For actions that operate upon users (e.g., creating a user), the resource name is user_resource_name(username).
At-rest Encryption
Access to encrypted information can be controlled by limiting access to the encryption key used. Currently, BonsaiDb only has support for a shared master key, but in the future additional keys will be able to be created. Because Encrypt
and Decrypt
are separate actions, access to read and write can be controlled independently.
The resource name for an encryption key is encryption_key_resource_name(key_id)
.
Database
The DatabaseAction
enum contains the actions that are related to a specific database. Actions that act on the database directly will use the resource name database_resource_name(database)
.
For Collection
s, there are three resource names used. For actions that operate on the collection directly, the resource name is collection_resource_name(database, collection)
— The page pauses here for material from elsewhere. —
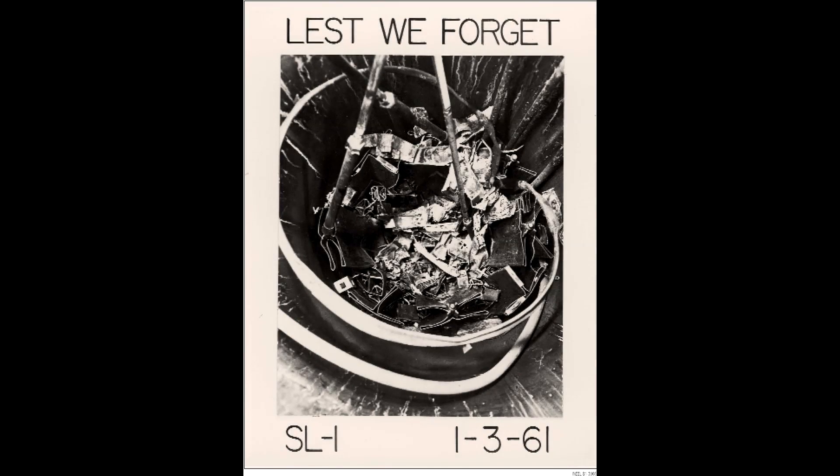Hello everyone. I've been interested in nuclear power lately, and along with that comes reading about accidents that happen. So today I'm going to share with you a little bit about the SL1 accident.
. For actions that operate on a document, the resource name is document_resource_name(database, collection, id)
. Finally, for actions that operate on a View
, the resource name is view_resource_name(database, view)
.
For actions that operate upon the key-value entry, the resource name is keyvalue_key_resource_name(database, namespace, key)
.
For actions that operate on a PubSub
topic, the resource name is pubsub_topic_resource_name(database, topic)
.
Statement Examples
Coming Soon.
Users, Groups, and Roles
The most common flow that a database administrator needs to support is granting a user the ability to take specific actions on specific resources. To accomplish this, a PermissionGroup
must be created containing the permission statements, covered in the previous section, that you wish to apply.
PermissionGroup
s can be assigned directly to users by adding the group ID to their User
document.
At first glance, Role
s may appear somewhat redundant. One or more PermissionGroup
s can be assigned to a role, and roles can be assigned to a user. Why would you want to use roles at all?
The general advice the authors of BonsaiDb suggest is to use groups for limited amounts of functionality, keeping each group's list of statements concise and easy to understand. Then, create roles that combine groups of functionality in meaningful ways. One meaningful way could be creating roles based on job titles inside of a company. In theory, a person's job defines what they do within the company.
In practice, permissions are never as clean as one would hope, which is why BonsaiDb allows assigning groups and roles to users directly. Roles should be used as much as possible, but sometimes assigning a group directly is just needed. For example, imagine the CEO telling you, "I know Bob is just a sales guy, but he needs to be able to update this record. I trust him more than the other sales people. Just make it happen." As the database administrator, you can decide whether to introduce a new role or just temporarily assign an extra group to this one user.
At-Rest Encryption
BonsaiDb offers at-rest encryption. An overview of how it works is available in the bonsaidb::local::vault
module.
Enabling at-rest encryption by default
When opening your BonsaiDb instance, there is a configuration option default_encryption_key
. Once this is set, all new data written that supports being encrypted will be encrypted at-rest.
let storage = Storage::open(
StorageConfiguration::new(&directory)
.vault_key_storage(vault_key_storage)
.default_encryption_key(KeyId::Master)
)
.await?;
Enabling at-rest encryption on a per-collection basis
Collection::encryption_key()
can be overridden on a per-Collection basis. If a collection requests encryption but the feature is disabled, an error will be generated.
To enable a collection to be encrypted when the feature is enabled, only return a key when ENCRYPTION_ENABLED is true.